Is this correct? Are full development dependencies required to run the examples? (And if so, what is the purpose of the non-development install?)

Unrelated question: both of the above also fail at the end with: NoConsoleScreenBufferError: Found xterm, while expecting a Windows console. Maybe try to run this program using "winpty" or run it in cmd.exe instead. Or otherwise, in case of Cygwin, use the Python executable that is compiled for Cygwin.

I understand that this is a limitation of MINGW64 shells, like git bash. (Though evc-gui does run from git bash.) What shell are people successfully using under Windows? The stock cmd.exe is a nightmare - I much prefer a linux-like shell.

dendenxu commented 2 months ago

Hi @meeotch, thanks for using our code!

Your questions are excellent and indeed these two extra requirements defeat the purpose of a non-development install. The purpose of a non-devel install is for users to run evc-gui, which will open up a rendering GUI and support all methods that are only dependent on pytorch. However, our provided example that uses instant-ngp and gaussian splatting as baselines/backbones will require cuda compilation as you've suggested. In the meantime, the provided ENeRFi examples shouldn't require extra dependencies, could you try running that and check whether there are any issues? We will update the examples to include more pytorch-only baselines (ENeRFi etc.) and make it more clear on the extra dependencies of instant-ngp and gaussians.

Are full development dependencies required to run the examples?

At least the answer to this question is no. Aside from the minimal requirements, other dependencies are model-specific. For example, running instant-ngp based methods requires tinycudann, and running gaussian splatting based methods requires compiling their (or our modified) cuda rasterizer. And running NeRF+t or ENeRF shouldn't require extra dependencies.

What shell are people successfully using under Windows? The stock cmd.exe is a nightmare - I much prefer a linux-like shell.

The provided examples are all tested on powershell on Windows. I couldn't agree more that linux shells are much easier to use but I'm unsure whether you can start native a window in MINGW64 shells like git bash. Could you try with the enerfi example and check whether there's any warning on the screen about cuda-gl interop?

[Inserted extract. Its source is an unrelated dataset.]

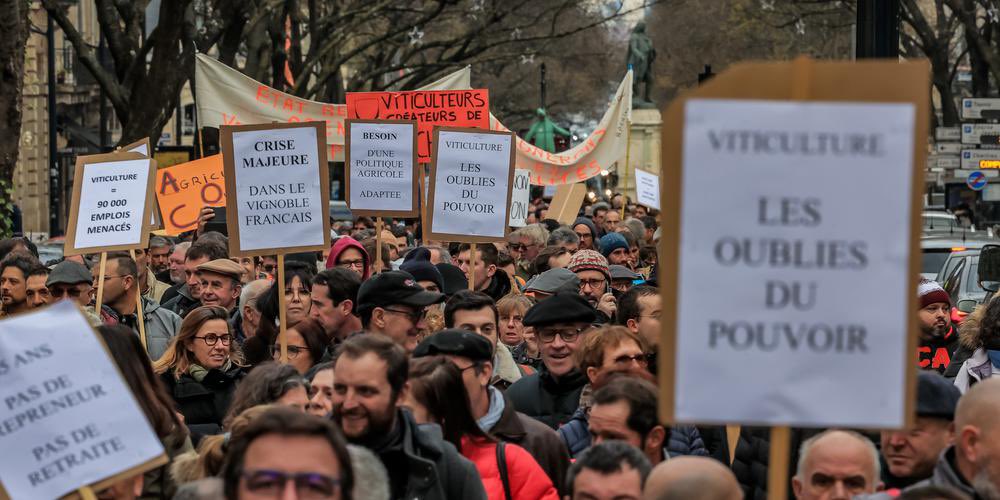 🍇 Une avancée dans la sortie de crise du monde viticole : le Gouvernement débloque 160 millions !

La crise a été entendue par le Ministre de l'Agriculture @MFesnea. Cependant il s'agit d'une crise très profonde qui mérite des mesures structurelles. 1/2 ↩️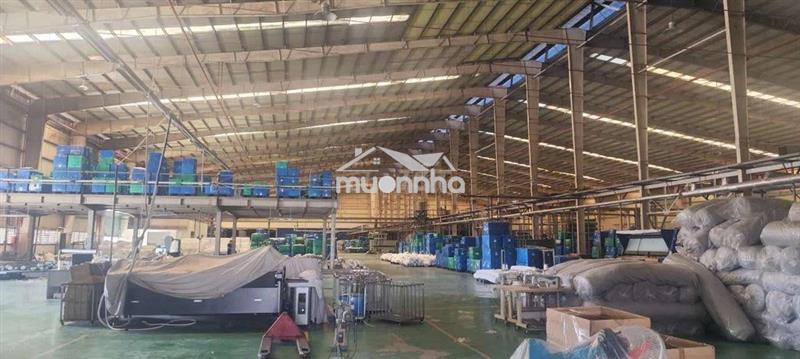 Cho thuê xưởng quốc lộ 13 thuận ab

dendenxu commented 2 months ago

On another note, we've also supported WSL on windows. It's performance might be slower than running natively, but the shell experience sure gets much better : ]

meeotch commented 2 months ago

Thanks for the info. (I was wondering about performance under WSL, in fact. So knowing that it's slower saves me from having to test it.)

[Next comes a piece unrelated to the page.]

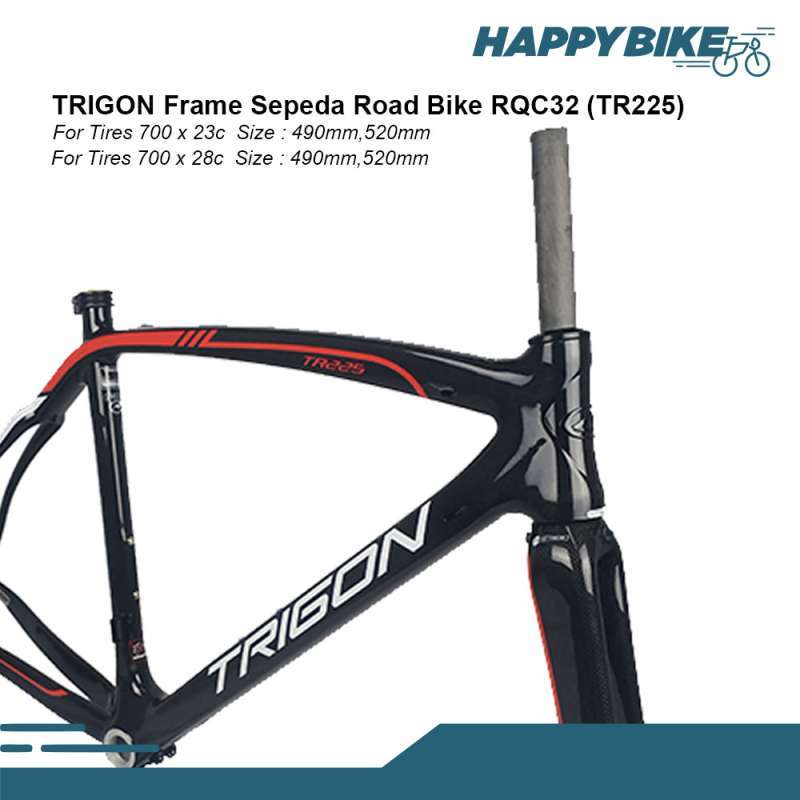 Frame carbon roadbike discount murah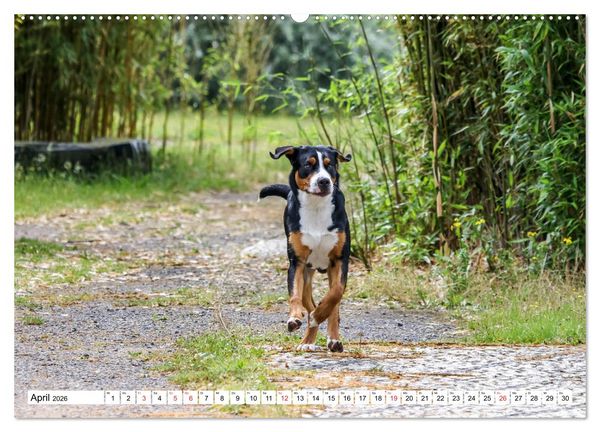 Produktbild: Gro&szlig;er Schweizer Sennenhund (hochwertiger Premium Wandkalender 2026 DIN A2 quer), Kunstdruck in Hochglanz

I got both the zju3dv and actor1_4_subseq examples working. (Though I did run out of VRAM during the 3DGS training step. I'm running on a 1080Ti that only has 11GB.) For the benefit of others, here are the dependencies I had to install, beyond the non-development ones:

pip install git+https://github.com/NVlabs/tiny-cuda-nn/#subdirectory=bindings/torch
pip install git+https://github.com/facebookresearch/pytorch3d
pip install lpips
pip install open3d
pip install plyfile
pip install pymcubes
pip install git+https://gitlab.inria.fr/bkerbl/simple-knn
pip install git+https://github.com/dendenxu/diff-gaussian-rasterization
pip install pytorch_msssim

Also, I had to add import mcubes to the voxel_reconstruction() function in fusion_utils.py, as it was failing to find it at line 38.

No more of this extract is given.